Another vulnerability for pass codes is that an adversary may simply observe a user entering a pass code into a terminal. Since the pass code is often quite short (typically four digits for a PIN), and is entered for each new transaction, it is not difficult in practice for an adversary to acquire knowledge of a pass code through observation in this manner. This is especially true if the pass code is being entered at a public location, such as a supermarket check-out, where it is very difficult to conceal hand movements for keypad entry. The problem is exacerbated by the growing availability of high quality miniature video cameras, which can be used to video PIN entry in a covert manner. Nevertheless, PINs are being increasingly relied upon for transactions involving credit and debit cards in place of conventional signatures.
One way to avoid a user having to enter a PIN for authorisation purposes is by storing a user pass code on a card 102. The pass code from the card can then be transferred to and verified by a terminal 110 (such as in FIG. 1B), or a server 130D (such as in FIG. 1D). In this model, possession of an appropriate card in effect validates the user, so that there is no further requirement for the user to enter a pass code. This is analogous to the situation with a conventional (physical) key for use in a door lock.
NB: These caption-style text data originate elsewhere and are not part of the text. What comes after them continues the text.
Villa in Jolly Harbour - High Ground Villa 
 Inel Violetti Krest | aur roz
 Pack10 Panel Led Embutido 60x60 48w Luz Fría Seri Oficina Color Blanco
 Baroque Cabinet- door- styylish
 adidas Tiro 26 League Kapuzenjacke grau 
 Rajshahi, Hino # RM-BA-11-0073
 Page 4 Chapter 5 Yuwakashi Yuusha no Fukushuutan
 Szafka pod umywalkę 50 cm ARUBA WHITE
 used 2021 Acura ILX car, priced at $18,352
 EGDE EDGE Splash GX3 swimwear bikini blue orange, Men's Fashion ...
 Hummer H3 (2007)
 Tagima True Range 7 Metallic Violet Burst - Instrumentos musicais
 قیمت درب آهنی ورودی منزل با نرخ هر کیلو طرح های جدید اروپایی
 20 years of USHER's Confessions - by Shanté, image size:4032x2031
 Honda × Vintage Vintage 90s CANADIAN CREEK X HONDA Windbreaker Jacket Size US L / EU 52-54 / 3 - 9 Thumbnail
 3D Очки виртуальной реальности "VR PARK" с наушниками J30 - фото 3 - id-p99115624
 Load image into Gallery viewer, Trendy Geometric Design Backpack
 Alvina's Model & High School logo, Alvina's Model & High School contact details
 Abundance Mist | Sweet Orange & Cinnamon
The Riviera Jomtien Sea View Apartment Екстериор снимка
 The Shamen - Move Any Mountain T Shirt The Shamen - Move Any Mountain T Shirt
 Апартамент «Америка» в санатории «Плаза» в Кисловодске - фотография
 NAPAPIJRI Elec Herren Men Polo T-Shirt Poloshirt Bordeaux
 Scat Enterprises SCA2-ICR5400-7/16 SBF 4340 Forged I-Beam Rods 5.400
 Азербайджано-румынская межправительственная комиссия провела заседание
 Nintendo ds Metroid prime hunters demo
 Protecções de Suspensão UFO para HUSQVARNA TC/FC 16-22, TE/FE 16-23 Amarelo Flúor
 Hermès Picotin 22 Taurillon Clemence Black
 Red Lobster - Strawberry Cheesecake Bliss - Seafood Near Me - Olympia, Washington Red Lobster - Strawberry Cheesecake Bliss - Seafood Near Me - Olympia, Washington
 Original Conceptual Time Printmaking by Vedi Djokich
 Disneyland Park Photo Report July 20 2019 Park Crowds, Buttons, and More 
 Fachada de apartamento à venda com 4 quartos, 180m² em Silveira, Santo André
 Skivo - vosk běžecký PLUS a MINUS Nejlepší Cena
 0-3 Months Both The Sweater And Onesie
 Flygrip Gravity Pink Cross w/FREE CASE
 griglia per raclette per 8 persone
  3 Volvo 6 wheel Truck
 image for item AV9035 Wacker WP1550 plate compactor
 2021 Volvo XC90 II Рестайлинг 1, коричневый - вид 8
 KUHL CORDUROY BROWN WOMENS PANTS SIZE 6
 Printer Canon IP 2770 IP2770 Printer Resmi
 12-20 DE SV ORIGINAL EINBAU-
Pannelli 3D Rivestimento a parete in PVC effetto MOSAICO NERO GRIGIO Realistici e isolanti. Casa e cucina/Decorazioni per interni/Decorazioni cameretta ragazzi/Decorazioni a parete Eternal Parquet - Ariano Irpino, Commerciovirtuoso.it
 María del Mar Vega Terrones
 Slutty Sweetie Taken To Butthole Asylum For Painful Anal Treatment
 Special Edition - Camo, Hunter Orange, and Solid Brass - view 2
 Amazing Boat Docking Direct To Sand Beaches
Indeed, many hotels now use cards rather than keys to control access to guest rooms. A card may also be provided with some property to link it to the legitimate user. For example, the card may carry a photograph of the user, such as with an identification badge.
Using a stored pass code on a card in this manner does not require user entry of a pass code at authorisation time. Therefore, the risk of the pass code being compromised or intercepted at the point of entry is avoided. On the other hand, if a card is lost or stolen, the card may be used to provide authorisation for an illicit party. Thus with this approach, an adversary no longer needs to acquire both a card and also a separate validating pass code in order to gain access to a protected resource, since the pass code is (in effect) packaged onto the card already.
In summary, known authorisation techniques such as the pass code entry mechanisms described above all suffer from some form of vulnerability to attack by an adversary.